Release date: January 25, 2018
Publisher: Thomas and Mercer
Rachel’s dead and she’s never coming back. Or is she?
As she prepares for her wedding to Dominic, Catherine has never been happier or more excited about her future. But when she receives an anonymous package—a familiar snow globe with a very grisly addition—that happiness is abruptly threatened by secrets from her past.
Her older sister, Rachel, died on a skiing holiday as a child. But Rachel was no angel: she was vicious and highly disturbed, and she made Catherine’s life a misery. Catherine has spent years trying to forget her dead sister’s cruel tricks. Now someone has sent her Rachel’s snow globe—the first in a series of ominous messages…
While Catherine struggles to focus on her new life with Dominic, someone out there seems intent on tormenting her. But who? And why now? The only alternative is what she fears most.
Is Rachel still alive?
I’m so excited to be one of the stops on the blog tour for Forget Her Name today! I have a fabulous guest post from the author to share.
A Day in Your Life by Jane Holland
Although I do the same things most days, the order in which I do them is usually different, and that’s the way I like it. I enjoy the routine and discipline of daily writing. But I’m easily bored, and anything too same-old or rigid would drive me crazy. So though I write every day, for anything between one to five hours, it tends to happen in a different place and at a different time from day-to-day.
I get up early with the kids, two of whom go to school. My first hour after they’ve left is usually spent on answering emails, dealing with admin, and social media (a must these days for writers who want to find and keep a readership). I then either write during the day, or put it off until the evening, depending on daily circumstances.
Some days I go out to a café and write there, straight to my laptop. In spring and summer, I sit on my decking in the sunshine and write long-hand, much to the fascination of our two cats, who often come to see what I’m doing! I also rent a Cornish beach hut fifteen minutes away, with a stove to make coffee, where I can work all day, weather permitting.
Sometimes I sit up in bed to work. Sometimes I use my desk. Sometimes I stay up to write after everyone else is in bed, late into the night. Occasionally, I will dictate rather than type, to save my fingers!

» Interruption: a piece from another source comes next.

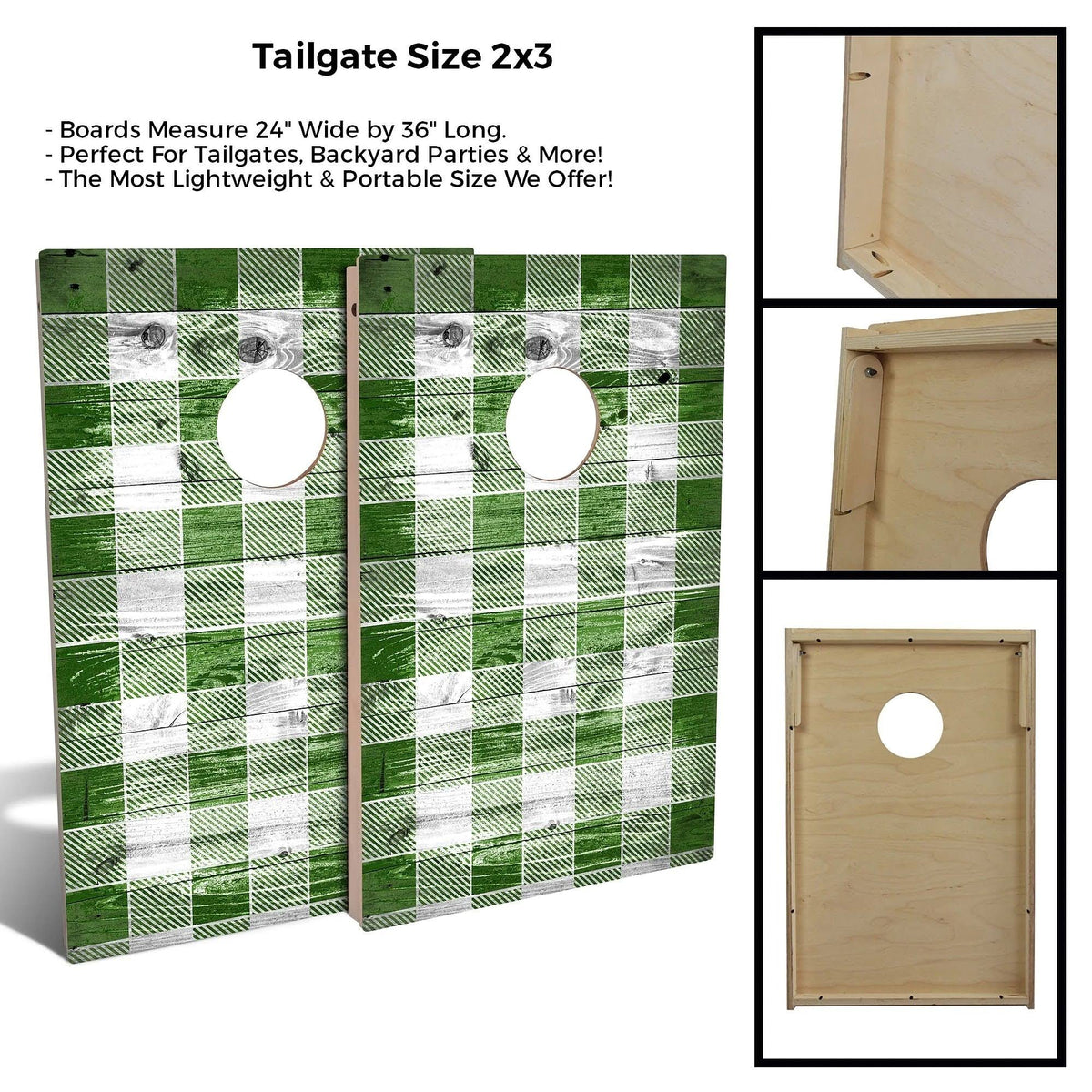Green Checkered Cornhole Set with Carrying Case J1356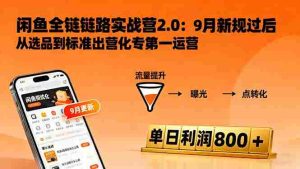闲鱼变现课3.0:掌握链接优化、流量提升、商业变现,单日利润800+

I take numerous hotel breaks where I work flat-out over the kids’ half-term or a long weekend. I also rent a cottage twice a year for a week or two, and hunker down there on my own, achieving a great swathe of fast writing without interruption while my husband holds the fort.
After a year’s break, I’m currently home-schooling my youngest daughter again – I have five kids altogether – so that’s made work a little complicated. Luckily, Indigo also loves cafés and the beach hut! So we sit opposite each other, and I write my book for an hour or two while she does school work or perhaps some sketching. (Art is her favourite subject, and she’s very talented at it; she wants to be a professional artist when she grows up.) During school days, I tend to write later in the day, so I can spend more time teaching her. Then I catch up with my word count late at night or at weekends!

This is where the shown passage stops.